Work instructions
All of the data below is to be returned unaltered.

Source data

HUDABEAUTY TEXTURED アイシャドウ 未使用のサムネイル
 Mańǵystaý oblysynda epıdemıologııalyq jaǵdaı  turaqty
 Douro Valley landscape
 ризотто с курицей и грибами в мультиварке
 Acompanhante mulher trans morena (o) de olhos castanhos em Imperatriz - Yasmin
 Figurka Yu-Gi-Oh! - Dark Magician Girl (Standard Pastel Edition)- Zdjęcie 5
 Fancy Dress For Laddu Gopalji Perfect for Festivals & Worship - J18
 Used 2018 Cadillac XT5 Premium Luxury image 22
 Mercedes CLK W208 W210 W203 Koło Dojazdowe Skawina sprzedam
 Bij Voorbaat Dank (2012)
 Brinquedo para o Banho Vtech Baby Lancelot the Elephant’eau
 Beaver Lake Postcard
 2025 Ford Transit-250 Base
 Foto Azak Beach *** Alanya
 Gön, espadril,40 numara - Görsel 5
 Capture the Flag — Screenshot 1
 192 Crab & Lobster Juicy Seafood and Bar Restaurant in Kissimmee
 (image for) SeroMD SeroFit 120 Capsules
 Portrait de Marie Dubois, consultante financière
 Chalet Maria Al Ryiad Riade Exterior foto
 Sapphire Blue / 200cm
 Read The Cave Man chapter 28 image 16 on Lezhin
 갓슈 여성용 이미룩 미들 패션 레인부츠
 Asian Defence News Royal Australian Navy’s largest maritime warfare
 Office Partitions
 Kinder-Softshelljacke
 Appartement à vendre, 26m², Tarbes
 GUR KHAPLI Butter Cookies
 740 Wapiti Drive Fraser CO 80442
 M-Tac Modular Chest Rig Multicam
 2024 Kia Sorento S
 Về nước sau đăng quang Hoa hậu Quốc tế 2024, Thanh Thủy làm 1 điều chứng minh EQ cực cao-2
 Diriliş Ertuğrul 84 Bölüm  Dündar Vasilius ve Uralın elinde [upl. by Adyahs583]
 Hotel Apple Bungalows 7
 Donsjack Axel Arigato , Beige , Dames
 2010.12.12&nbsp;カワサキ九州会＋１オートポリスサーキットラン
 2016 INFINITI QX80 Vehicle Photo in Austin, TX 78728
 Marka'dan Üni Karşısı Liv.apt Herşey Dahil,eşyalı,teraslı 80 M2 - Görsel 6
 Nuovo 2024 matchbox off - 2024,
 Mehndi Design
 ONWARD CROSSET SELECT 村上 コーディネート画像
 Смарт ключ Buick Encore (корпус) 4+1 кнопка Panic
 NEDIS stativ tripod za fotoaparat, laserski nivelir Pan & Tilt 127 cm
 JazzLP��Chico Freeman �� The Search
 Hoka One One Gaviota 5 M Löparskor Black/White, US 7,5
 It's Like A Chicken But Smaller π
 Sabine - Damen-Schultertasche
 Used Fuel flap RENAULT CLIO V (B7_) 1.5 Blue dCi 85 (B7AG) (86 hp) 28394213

Answer area
HUDABEAUTY TEXTURED アイシャドウ 未使用のサムネイル
 Mańǵystaý oblysynda epıdemıologııalyq jaǵdaı  turaqty
 Douro Valley landscape
 ризотто с курицей и грибами в мультиварке
 Acompanhante mulher trans morena (o) de olhos castanhos em Imperatriz - Yasmin
 Figurka Yu-Gi-Oh! - Dark Magician Girl (Standard Pastel Edition)- Zdjęcie 5
 Fancy Dress For Laddu Gopalji Perfect for Festivals & Worship - J18
 Used 2018 Cadillac XT5 Premium Luxury image 22
 Mercedes CLK W208 W210 W203 Koło Dojazdowe Skawina sprzedam
 Bij Voorbaat Dank (2012)
 Brinquedo para o Banho Vtech Baby Lancelot the Elephant’eau
 Beaver Lake Postcard
 2025 Ford Transit-250 Base
 Foto Azak Beach *** Alanya
 Gön, espadril,40 numara - Görsel 5
 Capture the Flag — Screenshot 1
 192 Crab & Lobster Juicy Seafood and Bar Restaurant in Kissimmee
 (image for) SeroMD SeroFit 120 Capsules
 Portrait de Marie Dubois, consultante financière
 Chalet Maria Al Ryiad Riade Exterior foto
 Sapphire Blue / 200cm
 Read The Cave Man chapter 28 image 16 on Lezhin
 갓슈 여성용 이미룩 미들 패션 레인부츠
 Asian Defence News Royal Australian Navy’s largest maritime warfare
 Office Partitions
 Kinder-Softshelljacke
 Appartement à vendre, 26m², Tarbes
 GUR KHAPLI Butter Cookies
 740 Wapiti Drive Fraser CO 80442
 M-Tac Modular Chest Rig Multicam
 2024 Kia Sorento S
 Về nước sau đăng quang Hoa hậu Quốc tế 2024, Thanh Thủy làm 1 điều chứng minh EQ cực cao-2
 Diriliş Ertuğrul 84 Bölüm  Dündar Vasilius ve Uralın elinde [upl. by Adyahs583]
 Hotel Apple Bungalows 7
 Donsjack Axel Arigato , Beige , Dames
 2010.12.12&nbsp;カワサキ九州会＋１オートポリスサーキットラン
 2016 INFINITI QX80 Vehicle Photo in Austin, TX 78728
 Marka'dan Üni Karşısı Liv.apt Herşey Dahil,eşyalı,teraslı 80 M2 - Görsel 6
 Nuovo 2024 matchbox off - 2024,
 Mehndi Design
 ONWARD CROSSET SELECT 村上 コーディネート画像
 Смарт ключ Buick Encore (корпус) 4+1 кнопка Panic
 NEDIS stativ tripod za fotoaparat, laserski nivelir Pan & Tilt 127 cm
 JazzLP��Chico Freeman �� The Search
 Hoka One One Gaviota 5 M Löparskor Black/White, US 7,5
 It's Like A Chicken But Smaller π
 Sabine - Damen-Schultertasche
 Used Fuel flap RENAULT CLIO V (B7_) 1.5 Blue dCi 85 (B7AG) (86 hp) 28394213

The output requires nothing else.